A food scientist explains how a soak in a salt solution makes lean meat, like turkey, juicier and more flavorful. 

Roasted turkey breast, sautéed pork chops, and stir-fried shrimp all tend to suffer a common fate when they’re cooked even a few minutes longer than necessary: they get dry and tough. Actually, any kind of meat or fish will taste like shoe leather if it’s severely overcooked, but turkey, pork, and shrimp are particularly vulnerable because they’re so lean. Luckily, there’s a simple solution (literally) for this problem. Soaking these types of leaner meats in a brine—a solution of salt and water—will help ensure moister, juicier results.

HOW A BRINE WORKS
Moisture loss is inevitable when you cook any type of muscle fiber. Heat causes raw individual coiled proteins in the fibers to unwind — the technical term is denature — and then join together with one another, resulting in some shrinkage and moisture loss. By the way, acids, salt, and even air can have the same denaturing effect on proteins as heat. Normally, meat loses about 30 percent of its weight during cooking, but if you soak the meat in a brine first you can reduce this moisture loss during cooking to as little as 15 percent, according to Dr. Estes Reynolds, a brining expert at the University of Georgia.

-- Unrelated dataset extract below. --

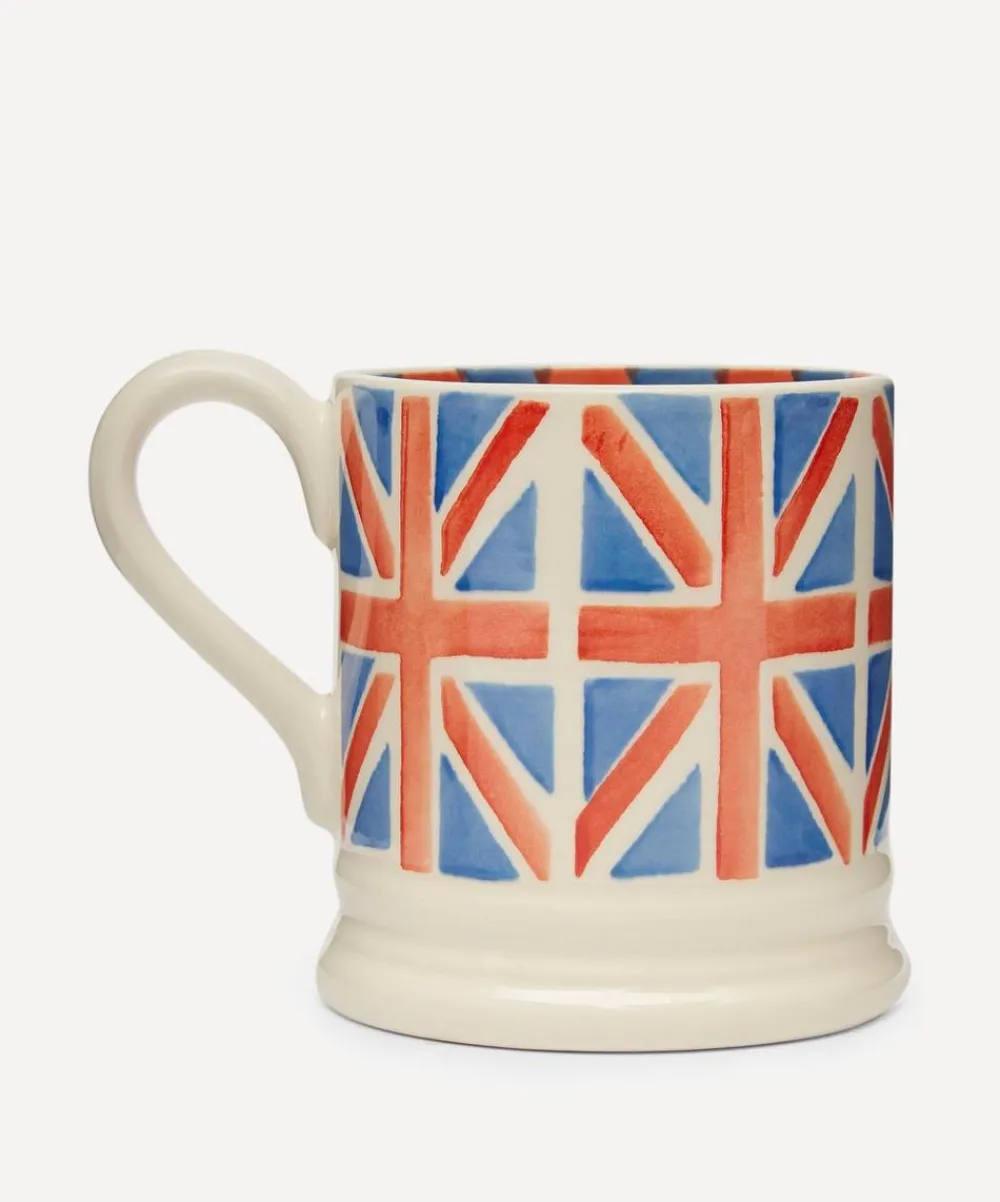 Emma Bridgewater Mugs^Union Jack Half Pint Mug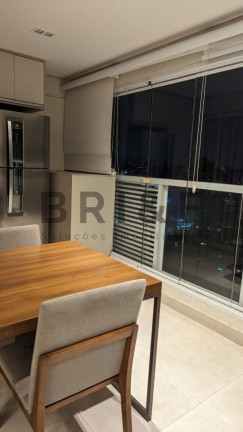 Imagem Apartamento com 1 Quarto à Venda, 33 m² em Brooklin  - São Paulo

Of all the processes at work during brining, the most significant is salt’s ability to denature proteins. The dissolved salt causes some of the proteins in muscle fibers to unwind and swell. As they unwind, the bonds that had held the protein unit together as a bundle break. Water from the brine binds directly to these proteins, but even more important, water gets trapped between these proteins when the meat cooks and the proteins bind together. Some of this would happen anyway just during cooking, but the brine unwinds more proteins and exposes more bonding sites. As long as you don’t overcook the meat, which would cause protein bonds to tighten and squeeze out a lot of the trapped liquid, these natural juices will be retained.

BRINING BASICS
How long to brine depends on the size and type of meat you’ve got. Larger meats like a whole turkey require much more time for the brine to do its thing. Small pieces of seafood like shrimp shouldn’t sit in a brine for more than half an hour. In fact, any meat that’s brined for too long will dry out and start to taste salty as the salt ends up pulling liquid out of the muscle fibers. Be sure not to brine meats that have already been brined before you buy them, such as “extra-tender” pork, which has been treated with sodium phosphate and water to make it juicier.

EXAMPLES FOR BRINING TIMES
Kosher salt works better than table salt as it has larger crystals and dissolves quicker in water.

Turkey: 12 to 24 hours with 1 cup of table salt or 9.6 ounces of kosher salt to 1 gallon of cold water

Thick Cut Pork Chops: ( 4 ) – 2 to 4 hours with ½ cup of kosher salt to 1 quart of cold water, add a few peppercorns, 2 crushed garlic cloves ,1 juiced orange and 2 tablespoons olive oil and ½ teaspoon of freshly chopped rosemary leaves

Shrimp or Thin Fish Filets: ½ hour with ½ cup of kosher salt to 1 pint of cold water.